Jessica, who is an SRE director for networking at Google and one of our reviewers, says it's one of the fastest mechanisms to build insight into the challenges and best practices of SRE teams from all corners of the company and share that knowledge back into the organization. So as a reviewer, which is a lot of work, it's still valuable for them because they get a chance to see teams from very different parts of the organization and learn from them for their own organization.

And Philipp, one of the managers of an SRE team, says ProdEx helped us to keep track of our operational risk and provided valuable mentoring for a long-term strategy, because it really helped his team to identify a fundamental problem they had with their strategy, something that they overlooked, and it gave him a lot of homework to think about and really restructure the team around that.

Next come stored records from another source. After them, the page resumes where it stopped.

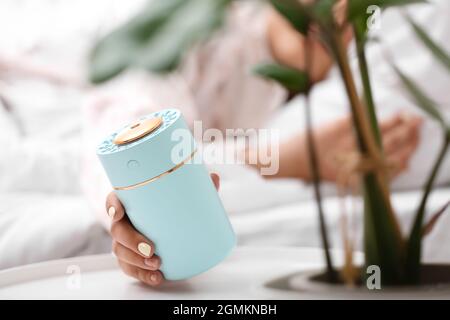 Donna con moderno umidificatore d'aria in camera da letto, primo piano Foto Stock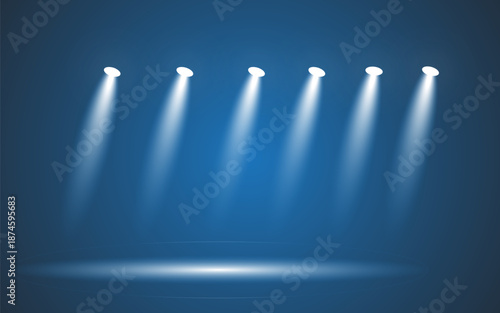 Six stage spotlights shining down on a dark blue background
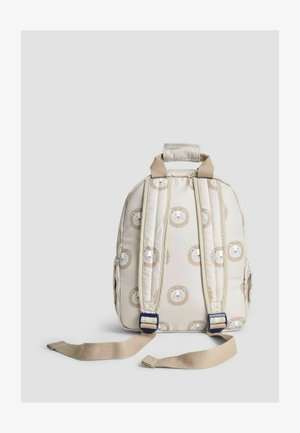 Detský batoh v krémovej tkanine s polstrovaným dizajnom, zdobený vzorom leva, s nastaviteľnými béžovými popruhmi a hornou prenosnou rukoväťou.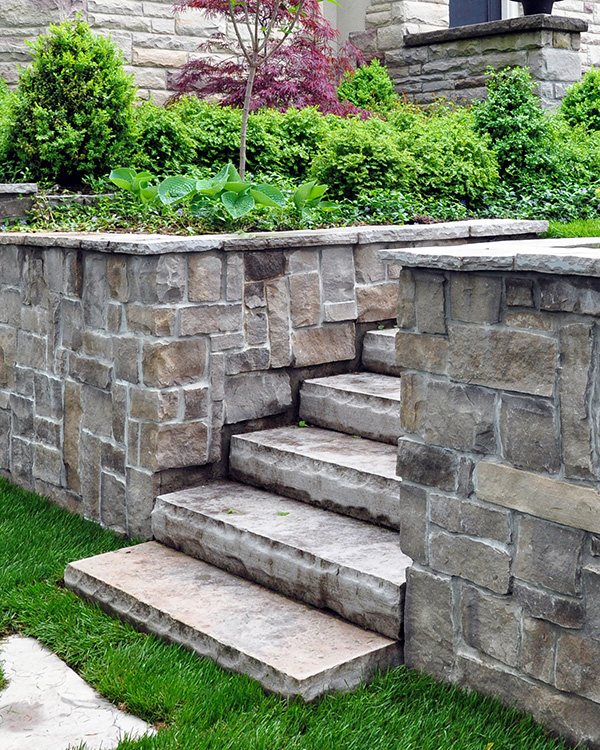 Multi-level garden with stone retainer walls in Berkshire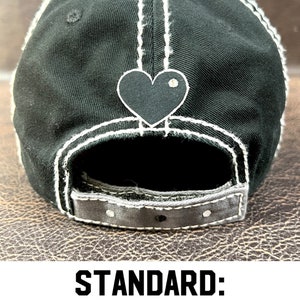 May include: Black baseball cap with white stitching and a black heart on the back. The back closure has rhinestones.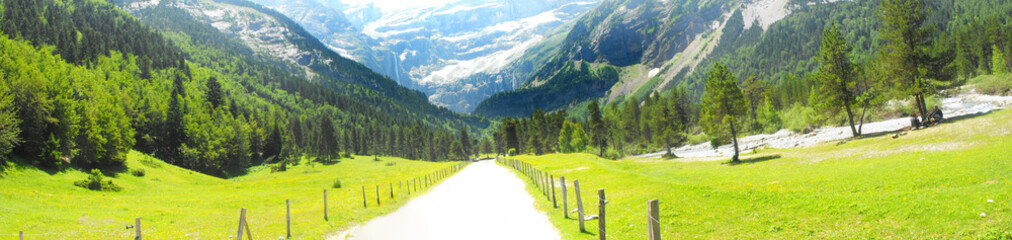 walk through an authentic natural setting. In the background one of the highest waterfalls in Europe. Le cirque du Gavarnie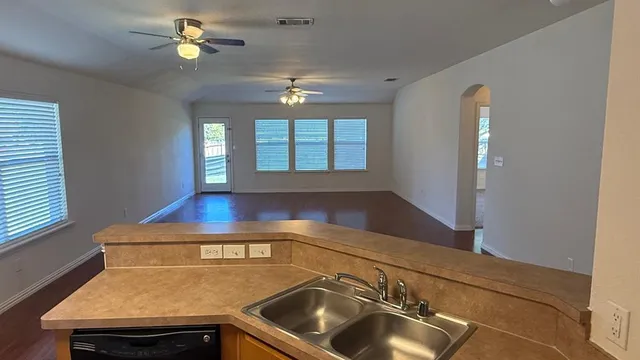 a view of a backyard with a large tree and wooden fence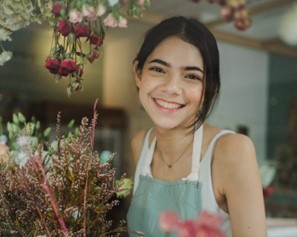 A young woman working in a flower shop, smiling warmly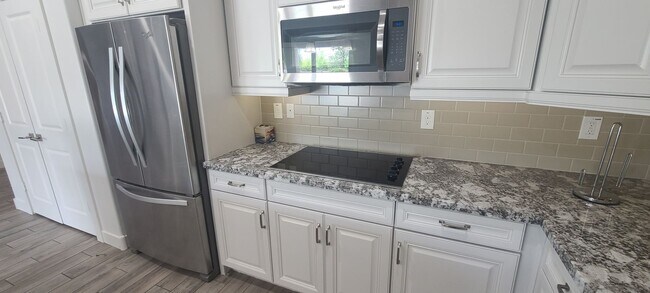 Building Photo - 4 Bedroom 3 Bathroom Upgrade Model Home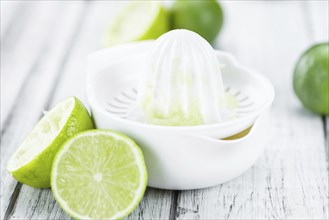 Portion of fresh Lime Juice (close-up shot, selective focus)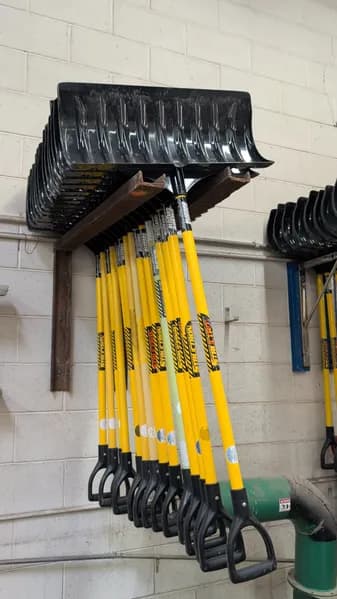 Lot of 15 Snow Shovels with Wall-Mount Rack Storage, primary view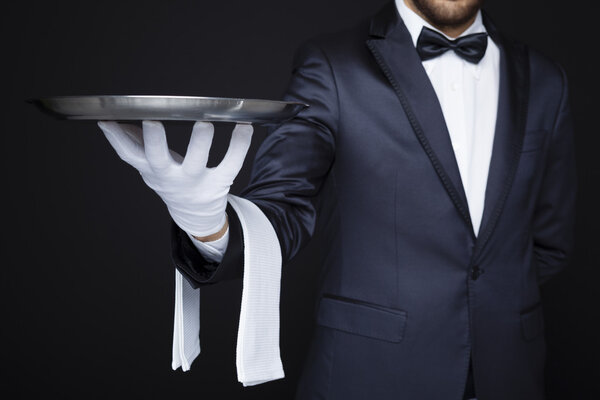 Waiter holding an empty silver tray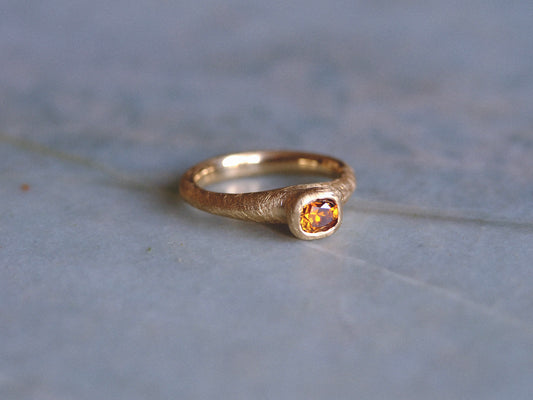 Gold ring with a brown diamond gemstone on a textured blue surface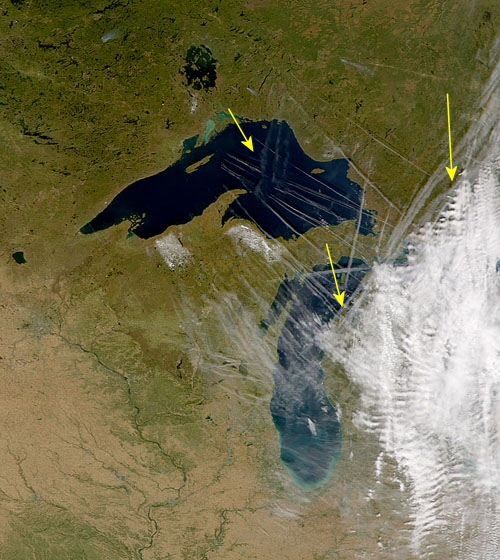 A nice true color image from NASA looking at the back edge of a storm that is just clearing the western Great Lakes states. This is a very dry atmospheric environment in that the passing storm has cleared the area of available moisture for clouds formation plus the inherent stabilization, post storm, leads to very clear skies. So we have many thick contrails that are lasting in an environment that shouldn’t support their visible existence. Hence we have evidence of the contrail markers versus natural contrails. Abundant rippling over Michigan tells us that we have EM energies stimulating the atmosphere and thus the weather makers need to fly the contrails to measure this action and decide whether to employ counter measures as needed. A couple of arrows have been added to point out the thick spreading contrails laid down just along the back edge of this storm, and the interesting dissipation over central Lake Superior marked earlier by the fading three north/south contrails. End the scalar/EM warfare; end the contrail marker program.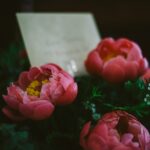pink flower bouquet with a card at dusk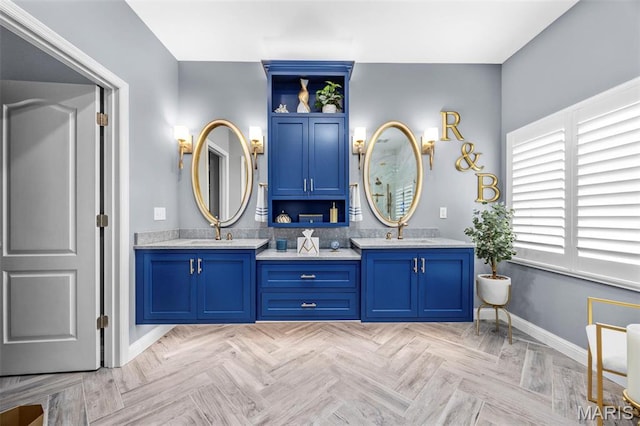 bathroom with baseboards and double vanity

So that is it for me. The thing that I would really like to learn from the community is, how would you assess operational risk health of SRE teams? And what are the metrics that you would look at? I know that the metrics that we have are not perfect. I know of some gaps that are kind of obvious, but there are other areas that I might not even have thought of, and I would love to hear what you think. What really is the health of an SRE team? Thank you so much.

Host Outro (Gene Kim)

Thank you, Christof. A testimonial from Treynor-Sloss himself. That's awesome.